» **About this task**: Find the line with "Used 2024 RAM 1500 Lone Star image 13" in the records below. Copy it and every line after it, up to and including the line with "西友高田馬場店 徒歩6分。 440m".

(Records drawn from a dataset)
--------------------------------

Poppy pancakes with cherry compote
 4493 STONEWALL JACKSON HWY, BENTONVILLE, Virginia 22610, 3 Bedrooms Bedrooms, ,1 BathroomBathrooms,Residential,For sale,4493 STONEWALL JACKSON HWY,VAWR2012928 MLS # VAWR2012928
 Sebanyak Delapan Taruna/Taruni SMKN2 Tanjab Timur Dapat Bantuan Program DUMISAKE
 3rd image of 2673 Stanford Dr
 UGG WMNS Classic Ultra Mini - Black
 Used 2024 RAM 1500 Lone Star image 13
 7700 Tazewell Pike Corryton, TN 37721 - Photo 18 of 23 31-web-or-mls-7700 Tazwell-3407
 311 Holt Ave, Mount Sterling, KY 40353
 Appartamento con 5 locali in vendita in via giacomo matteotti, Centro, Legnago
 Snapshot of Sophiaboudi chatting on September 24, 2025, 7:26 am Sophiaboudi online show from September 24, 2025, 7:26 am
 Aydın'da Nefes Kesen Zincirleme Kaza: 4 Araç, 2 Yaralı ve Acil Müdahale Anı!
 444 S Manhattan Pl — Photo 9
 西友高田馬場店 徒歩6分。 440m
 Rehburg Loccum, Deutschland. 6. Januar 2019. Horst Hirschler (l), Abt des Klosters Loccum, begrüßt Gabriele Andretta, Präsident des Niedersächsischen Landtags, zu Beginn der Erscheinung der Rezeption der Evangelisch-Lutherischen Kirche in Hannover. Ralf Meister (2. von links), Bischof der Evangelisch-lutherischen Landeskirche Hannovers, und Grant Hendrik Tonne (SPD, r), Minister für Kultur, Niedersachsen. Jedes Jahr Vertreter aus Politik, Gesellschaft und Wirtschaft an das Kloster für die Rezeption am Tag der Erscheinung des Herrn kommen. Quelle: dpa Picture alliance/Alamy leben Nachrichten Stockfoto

--------------------------------

» **Task answer**:
 Used 2024 RAM 1500 Lone Star image 13
 7700 Tazewell Pike Corryton, TN 37721 - Photo 18 of 23 31-web-or-mls-7700 Tazwell-3407
 311 Holt Ave, Mount Sterling, KY 40353
 Appartamento con 5 locali in vendita in via giacomo matteotti, Centro, Legnago
 Snapshot of Sophiaboudi chatting on September 24, 2025, 7:26 am Sophiaboudi online show from September 24, 2025, 7:26 am
 Aydın'da Nefes Kesen Zincirleme Kaza: 4 Araç, 2 Yaralı ve Acil Müdahale Anı!
 444 S Manhattan Pl — Photo 9
 西友高田馬場店 徒歩6分。 440m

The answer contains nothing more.